■ Excerpts from a dataset:
BEGIN
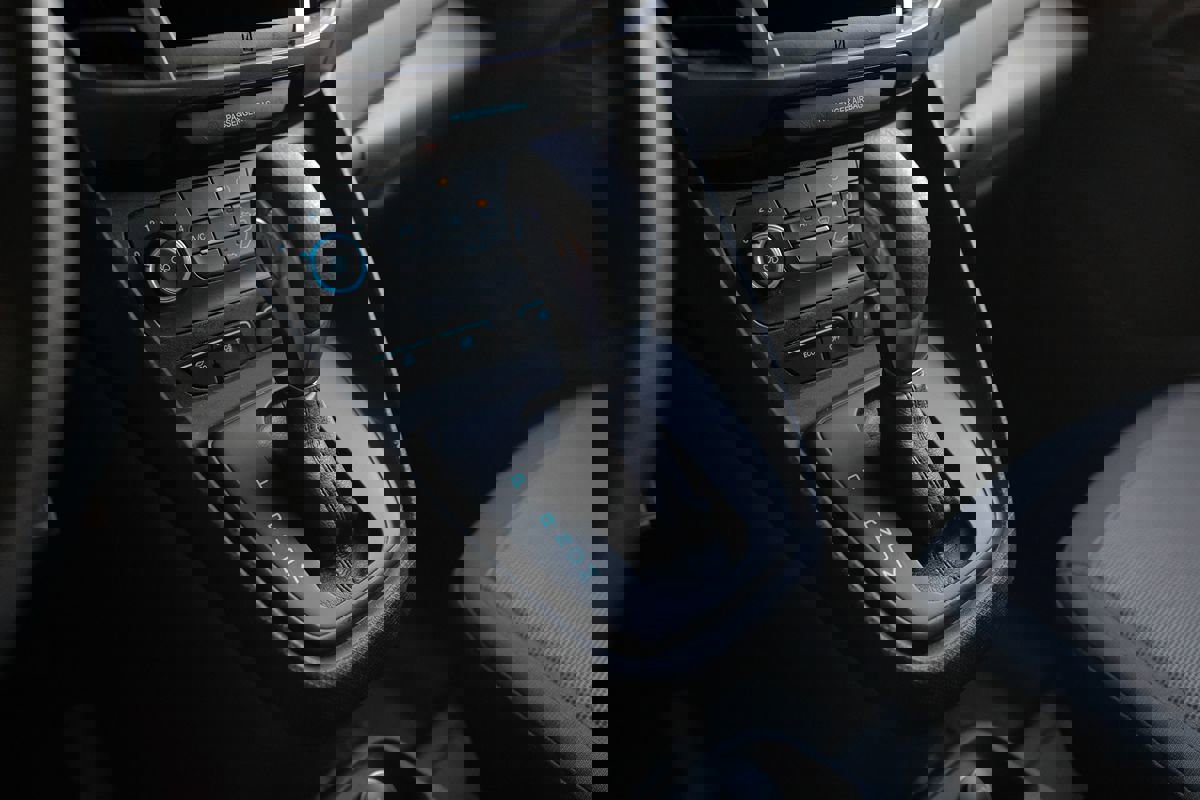 Used 2020 Ford Transit Connect XL image 65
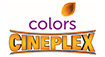 Colors Cineplex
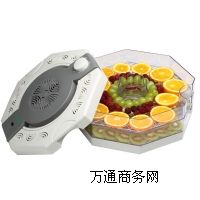 ������FD880�ɹ��C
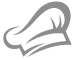 hat icon
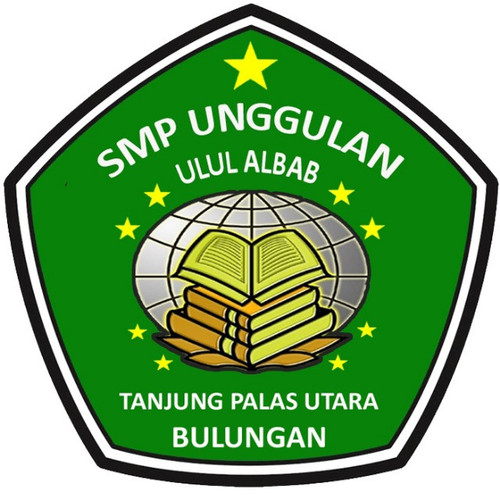 photo.jpg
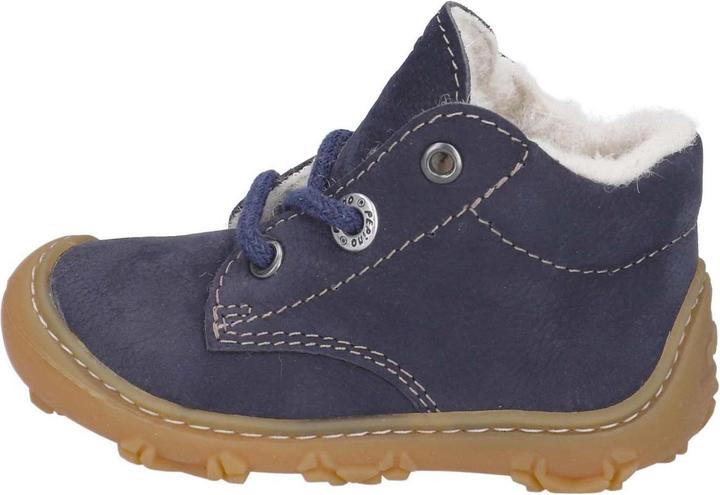 Produktbild Pepino Halbschuhe (20)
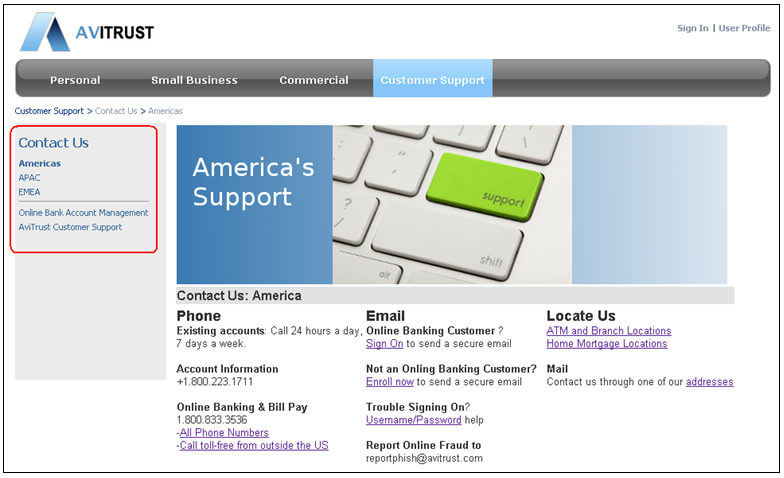 Description of Figure 8-9 follows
END
■ What you should do: Return every entry above word for word, and include no images.

■ Output of the task:
 Used 2020 Ford Transit Connect XL image 65
 Colors Cineplex
 ������FD880�ɹ��C
 hat icon
 photo.jpg
 Produktbild Pepino Halbschuhe (20)
 Description of Figure 8-9 follows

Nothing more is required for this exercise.